During the 1970s, collectors relied on publications, local club meetings, and coin shows to feed their enthusiasm for the hobby. The Erroramas had gone by the wayside after the 1972 show in San Diego. But as CONE and NECA members began to find a common ground in the PDS system, they gradually set their differences aside.
Beginning in 1980, Lonesome John revived the Errorama, and in 1982, both CONE and NECA participated. Since many collectors were in both clubs and members were becoming less willing to take leadership roles, the clubs voted in 1983 to combine, forming CONECA – the Combined Organizations of Numismatic Error Collectors of America. The newly formed club functioned for a brief time under the umbrella of The Error Coin Museum, which was primarily a legal entity established to allow the former clubs to dissolve without incurring major tax penalties. CONECA eventually separated from The Error Coin Museum and became a totally independent numismatic organization.

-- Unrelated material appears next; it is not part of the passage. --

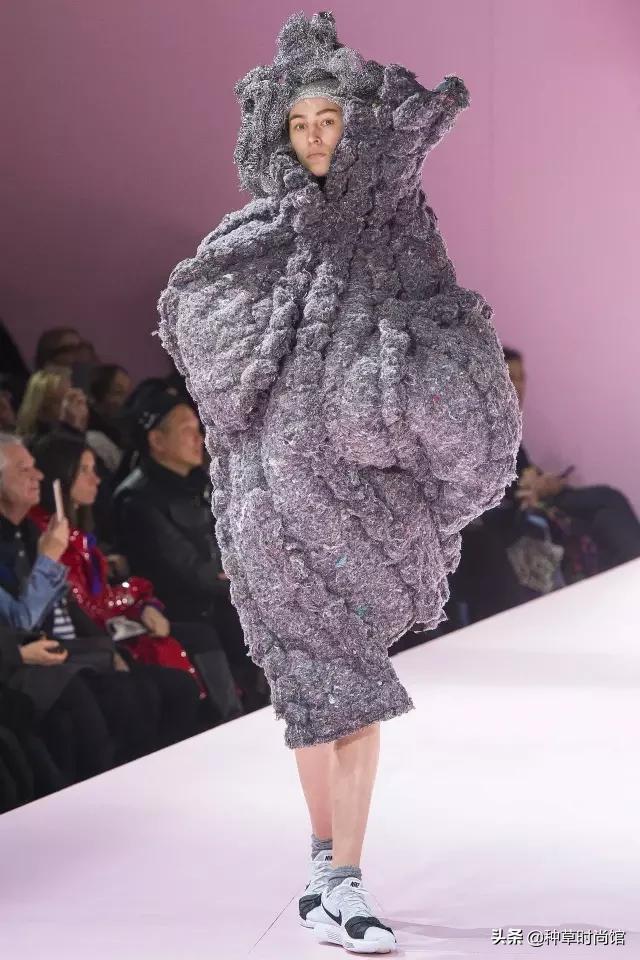 对不起是我不配什么梗,对不起是我不配伴奏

CONECA combined CONE’s Errorgram and NECA’s Errorscope to produce the Errorscope/gram and later renamed it the Errorscope. The new organization generated new and fresh ideas that are evident in the Errorscope issues printed throughout the 1980s. And as a combined organization, CONECA began to offer programs that appealed to all types of members – clubs-within-a-club, authentication services, auctions, youth programs, a materials library, and continued emphasis on annual Erroramas.

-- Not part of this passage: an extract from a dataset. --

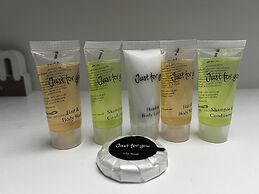 Canterbury Charm, Spacious 4 Bed House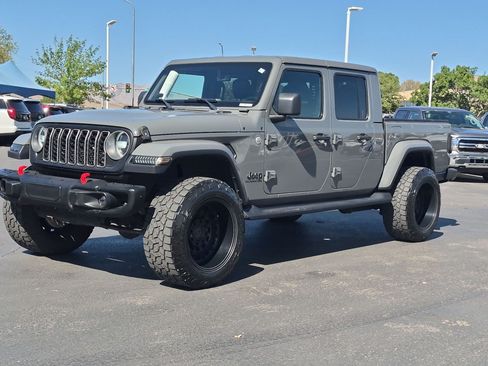 Used 2020 Jeep Gladiator Overland AWD/4WD image 8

With the club issues settled, EV collectors sensed a new energy in the hobby. The discovery of the 1983 Lincoln cent doubled die reverse enthused variety collectors and aided in recruiting new collectors. New faces entered the arena and the 1980s saw the publication of such key material as The RPM Book by John A. Wexler and Tom Miller, The Lincoln Cent Doubled Die, and The Encyclopedia of Doubled Dies, Vol. 1 & 2, all by John A. Wexler.
The Cherrypickers’ Guide to Rare Die Varieties by J.T. Stanton and Bill Fivaz became the EV collector’s Bible in 1990, but with the many discoveries made by collectors, it was quickly out of date. In 1994, Stanton and Fivaz published a third edition of the book and it is being used just as faithfully as the first two editions.
The EV collector of the 1990s has a wealth of such resources readily available. Long-time minting variety expert Alan Herbert (deceased) published the fifth edition of Minting Varieties and Errors in 1991, and Arnold Margolis of Error Trends Coin Magazine published The Error Coin Encyclopedia in 1991 as well. EV collectors use these two works faithfully to answer definitive questions about their finds.
CONECA has pursued a closer affiliation with the ANA in the 1990s by sponsoring Erroramas in conjunction with the ANA annual summer convention. These events have grown to encompass club round-table meetings and numismatic theaters, as well as the CONECA banquet and the annual club business meeting.
The discovery of the 1995 Lincoln cent doubled die sparked the public’s interest again and generated publicity for both the hobby in general and for CONECA. Though collectors have plenty to look for in the vast expanse of known EV coins, they are always eager to know about a major new find, and the 1995 Lincoln was no exception. Those who picked the variety out of their pocket change made a profit, and those who paid a premium price for it were somewhat disappointed as more people found the coin and its initial high price began to drop.
EV collectors love to share the enthusiasm of a popular find like the ‘95 Lincoln cent doubled die. But the true EV collector is equally satisfied with a relatively unknown variety cherrypicked in a high grade. That enthusiasm is what has kept EV collectors hunting for decades and will keep them doing so for many more.